Cinq célibataires qui "veulent faire quelque chose de leur vie" se battent entre eux et avec eux-mêmes pour ne pas être engloutis dans le tourbillon de la compétition. Et - indépendamment de l'image que chacun veut donner de soi-même - ce combat les rend d'abord sympathiques. La pièce fonctionne sur l'effet de reconnaissance : une femme élégante, une carriériste qui tente de placer de force sa vie solitaire sur une trajectoire ordonnée, un chômeur en maillot de corps qui commence par se lamenter, puis fait de l'agitation et finit par organiser la publicité autour de son nouveau départ, une étudiante toujours gentille qui traverse le jour en rêvant, en quête du bonheur, un agent nerveux qui est toujours au top, mais désespère de son économiseur d'écran, et une serveuse terne en tenue grise qui traverse en se lamentant sa vie quotidienne monotone. Solitaires ou animés par la dynamique du groupe, ils se refont par la parole leur (notre) identité troublée, phrase après phrase. Et jour après jour, après que le réveil, qui hurle comme une sirène d'usine, les ramène dans leur cauchemar qui porte ici le nom de vie. "Voilà le visage avec lequel je dois sortir. Un peu plus différent vaudrait mieux, d'une certaine manière."

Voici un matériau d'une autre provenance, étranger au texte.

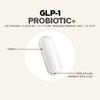 Codeage, GLP-1 Probiotic +, 90 растительных капсул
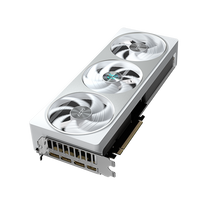 gigabyte geforce rtx 5070 - Gigabyte GeForce RTX 5070 AERO OC 12GB GDDR7 (GV-N5070AERO OC-12GD) - 9 nuotrauka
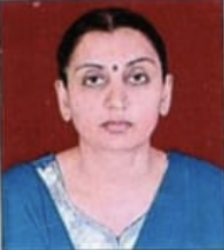 Dr. Chamargore Jaishree Jalsingh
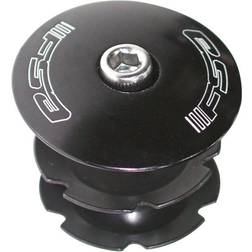 Fsa Star Nut and Top Cap 1.1/8"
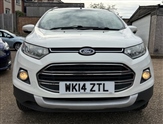 Ford EcoSport Image 2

Le texte de Gesine Dackwart est constitué de monologues qui se hasardent parfois hors du for intérieur, débouchent presque, çà et là, sur des dialogues, que leurs protagonistes interrompent cependant au moment décisif par peur d'être déçu. Le cul entre deux chaises, entre les îles de l'emploi, sur la mer agitée du temps, il reste beaucoup de place pour les associations d'idées, mais aussi pour une dynamique hypersensible entre le silence aux accents songeurs, l'activité frénétique et les crises d'hystérie. La tristesse se dissimule dans l'alternance entre la frustration et les petites victoires. Mais elle guette dans les têtes - l'esprit bloqué, comme usé par les banalités. Il y a longtemps qu'il ne s'agit plus du pain quotidien, au sens originel. On écrit cinq histoires quotidiennes solitaires sur le combat pour la confiance en soi et le succès, bien que l'on sache combien sont absurdes les prestations de service que l'on fournit, et jusqu'à sa propre existence.
Gesine Dackwart a mêlé dans une composition cinq voix sur les petits boulots et les carrières, sur les salaires de la peur et les raisons pour lesquelles on les dépense, par exemple pour les baumes qui apaisent le vide et la solitude, que ce soit avec du travail ou sans. Le plus souvent, ils sont introvertis jusqu'à l'autisme, parfois froids et distants, parlant d'eux à la troisième personne du singulier, d'autres fois, rarement, ils utilisent le mode du dialogue timide. Si autant de musicalité légère et d'esprit du langage n'entraient pas en jeu, il en ressortirait peut-être un tableau effroyable et déchirant des âmes qui s'asservissent elles-mêmes sous le capitalisme.